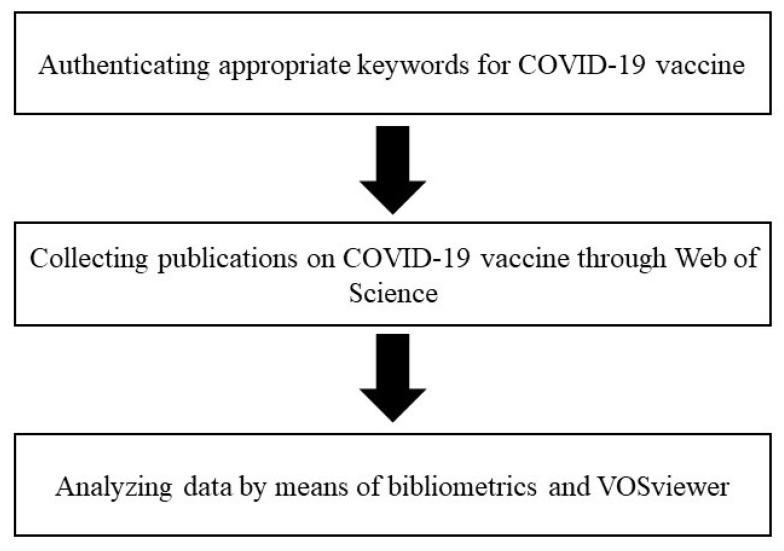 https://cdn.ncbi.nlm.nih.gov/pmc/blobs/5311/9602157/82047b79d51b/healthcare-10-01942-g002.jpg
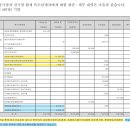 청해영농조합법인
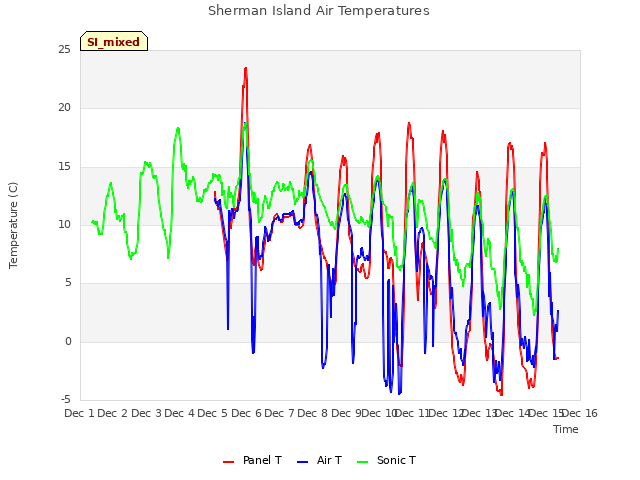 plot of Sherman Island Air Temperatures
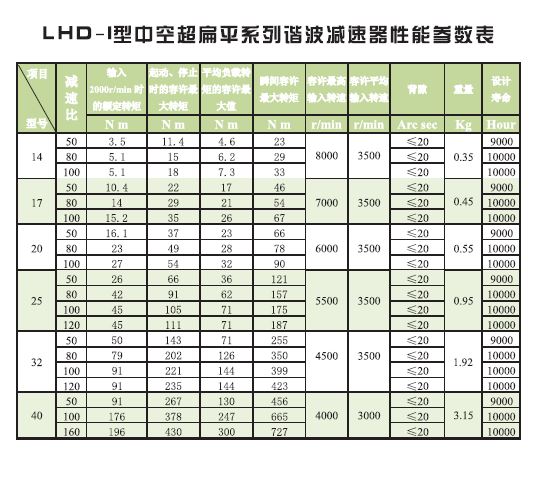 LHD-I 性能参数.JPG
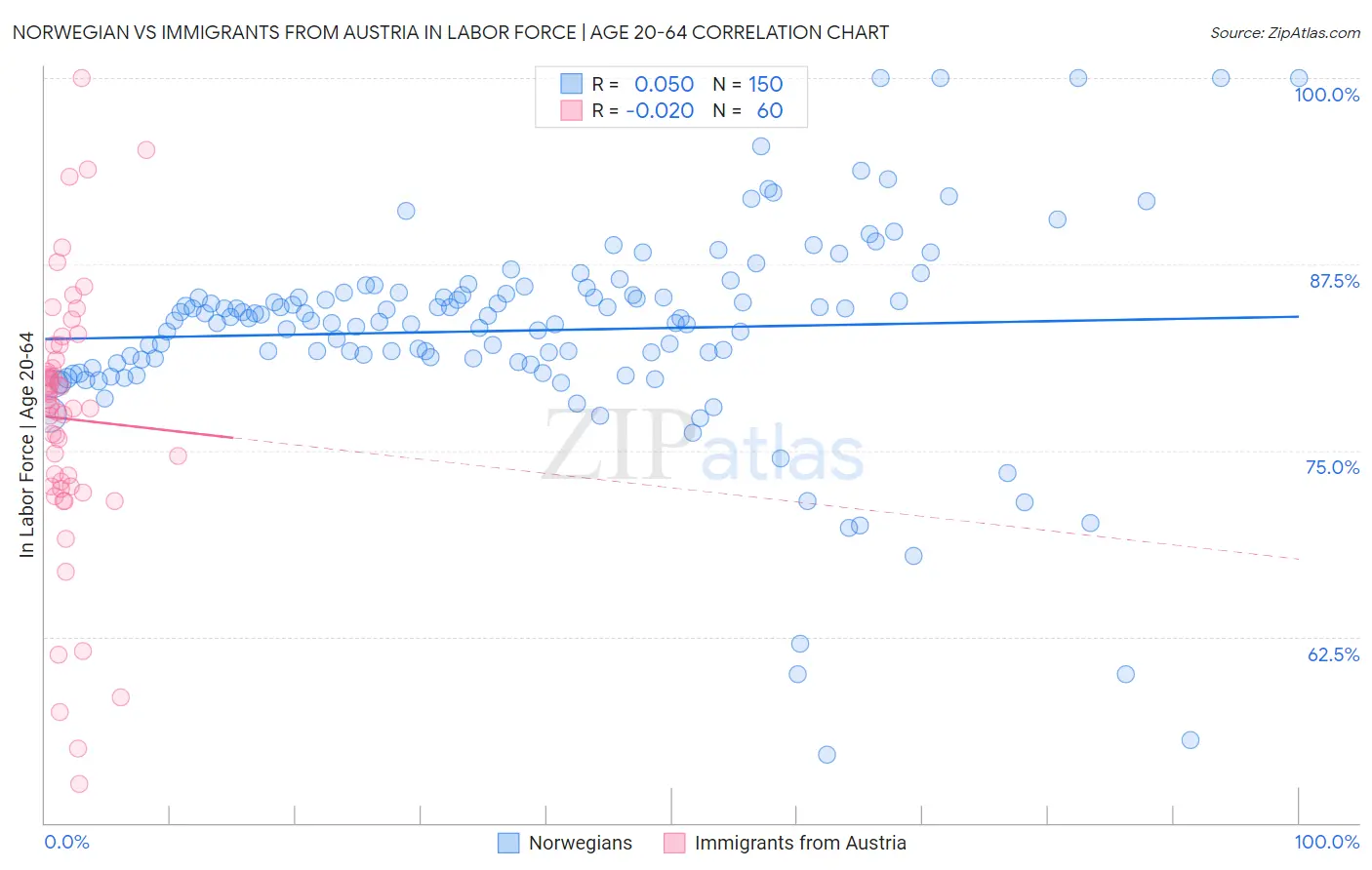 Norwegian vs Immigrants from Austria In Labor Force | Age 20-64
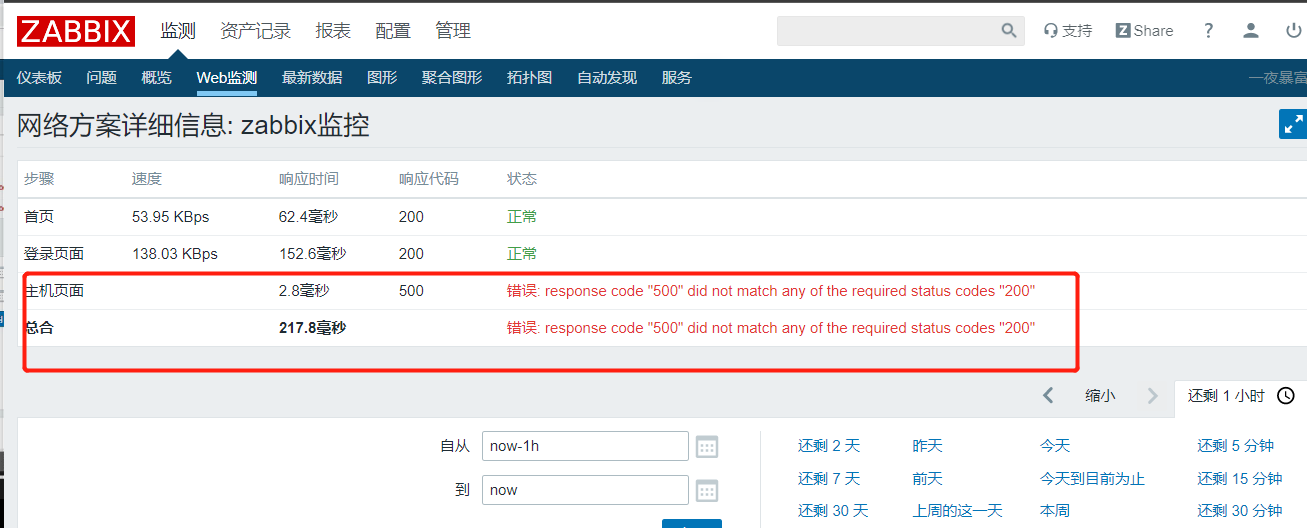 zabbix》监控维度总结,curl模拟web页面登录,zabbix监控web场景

##########

● **TASK ITEM**
Your answer must be an exact copy of the records, minus any pictures.

● **RESULT OF THE TASK**
 https://cdn.ncbi.nlm.nih.gov/pmc/blobs/5311/9602157/82047b79d51b/healthcare-10-01942-g002.jpg
 청해영농조합법인
 plot of Sherman Island Air Temperatures
 LHD-I 性能参数.JPG
 Norwegian vs Immigrants from Austria In Labor Force | Age 20-64
 zabbix》监控维度总结,curl模拟web页面登录,zabbix监控web场景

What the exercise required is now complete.